6 Moves Putin’s Russia Could Make in Its Old Stomping Ground

Luke Coffey /

Russia’s invasion of eastern Ukraine and annexation of Crimea have left many wondering: Where next for Moscow?

While no one can read Russian President Vladimir Putin’s mind, we can examine historical precedent to construct feasible scenarios for future Russian action. Here, we’ll review six such scenarios, each reflecting three assumptions regarding how Putin sees Russia’s role in the world:

Assumption 1: The West today is dealing with an imperial Russia and not a Cold War Russia. Putin’s vision for Russia is closer to that of the czars than that of the rulers of the Soviet Union, meaning he is more interested in expanding Russian military, economic, and political influence than spreading an ideology.
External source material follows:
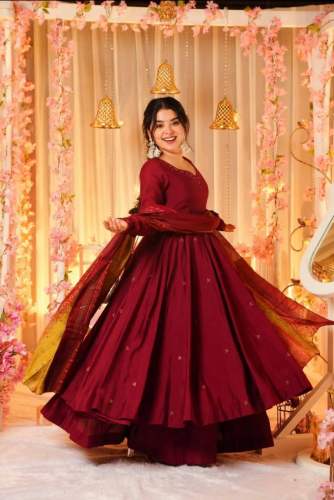 *Presenting New Designer Collection In Pure Chinnon With Embroidery Work Gown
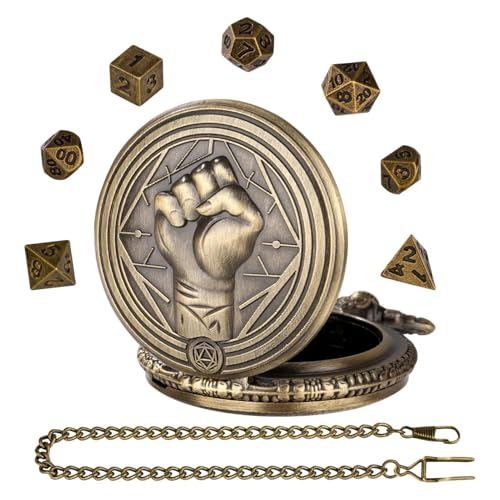 Taschenuhr-Gehäuse mit Kette, Faustmuster, Taschenuhr, Metallwürfel-Taschenuhr, Vintage-Taschenuhr-Zubehör, Taschenuhr mit Kette für Herren, Würfelgehäuse mit Taschenuhr-Gehäuse von Riaisttd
Assumption 2: Putin is willing to use military force to protect “compatriots”—those loosely defined as ethnic Russians, Russian speakers, and other groups sharing cultural, religious, or historical ties to Russia but residing outside Russia’s contemporary borders.

Assumption 3: Given current geopolitical circumstances, it is unlikely (albeit not impossible) that Putin will risk a total war with the United States by invading a NATO member. Non-NATO options for intervention are available across Eastern Europe and Eurasia—options that would allow Putin to reveal the West as ineffectual and disunited without automatically triggering a full-scale war with the alliance.

So what are these non-NATO scenarios?

Some involve direct threats to U.S. national interests; others raise only indirect threats. However, all six share one common theme: Russia exerts influence beyond its present borders but still inside its old imperial frontiers.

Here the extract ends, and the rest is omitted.